Summary
Highlights
The speaker explains their investment in both physical silver and silver on the stock market, emphasizing that it's a personal decision and part of a diversified portfolio. They highlight key reasons for investing: demand exceeding supply, inflation protection, historical reliability, and current undervaluation.
Silver is the most conductive metal, making it crucial for growing electrification and smart technology. It's used in electric vehicles, with next-generation solid-state batteries requiring significantly more silver. It's also vital for solar panels, artificial intelligence, high-performance computing, and military applications, underscoring its irreplaceable role in cutting-edge technology.
Silver mining production peaked in 2016, with rich deposits largely depleted. Only 25% of silver comes from dedicated silver mines; 75% is a byproduct of other mining operations, making it difficult to ramp up production. While recycling has increased, it only offsets production decreases, leading to a steady supply. However, industrial demand for silver has been consistently rising, causing a deficit where demand outstrips supply, which is expected to drive prices higher.
Inflation devalues currency, and commodities like silver protect against this.
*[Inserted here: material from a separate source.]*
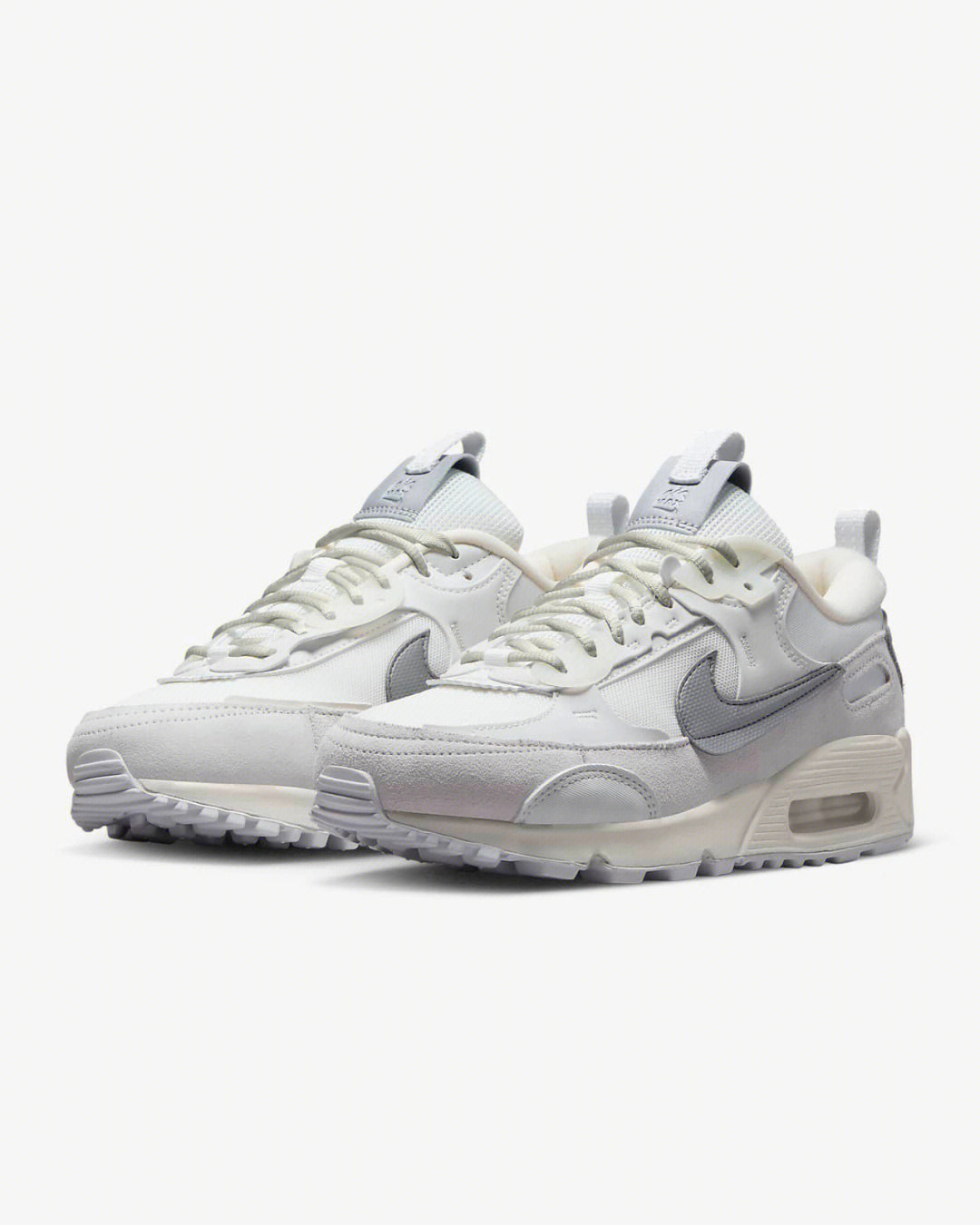 nikeairmax90鞋带系法图片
The speaker argues that silver is currently more than just a store of value; it's an investment that will outperform inflation due to supply and demand dynamics. Historically, silver has proven its reliability as money, surviving economic upheavals, making it a tangible and trustworthy asset.
The gold to silver ratio (GSR) indicates how many ounces of silver are needed to buy one ounce of gold. Historically, this ratio has been around 15:1. Currently, with gold at $3,300/ounce and silver at $33/ounce, the GSR is 100:1, indicating silver is significantly undervalued. The speaker believes silver will 'catch up' to its historical average, leading to a substantial price increase and making it a high-potential, discounted asset.
Investors can purchase physical silver or silver on the stock market (e.g., SLV ETF). For physical silver, the speaker warns against buying from untrustworthy sources like Craigslist or unverified eBay sellers. Instead, buy from reputable name-brand websites or highly-rated eBay sellers. It’s crucial to test bought silver and establish a relationship with a coin shop for future sales. The speaker personally owns coins, rounds, and bars.
The speaker plans to sell silver when its price reaches triple digits, with an emphasis on the gold to silver ratio (GSR) as a key indicator. Selling will begin when the GSR is around 50 and most will be offloaded if it reaches 40. Other selling triggers include a surge in investor demand (FOMO) or a short squeeze. Profits from selling silver will be used to buy other assets like gold, platinum, real estate, or stocks, depending on which offers the best value at the time, maintaining a diversified portfolio.
The price of silver generally follows gold. In a stock market crash, both gold and silver may initially fall as investors sell assets for liquidity, but then tend to outperform. The speaker also highlights that the silver market is known to be manipulated, with instances like JP Morgan admitting to unlawful trading and spoofing. Despite this, such manipulation, typically involving shorting, could eventually backfire, leading to a massive short squeeze and a significant price surge for silver.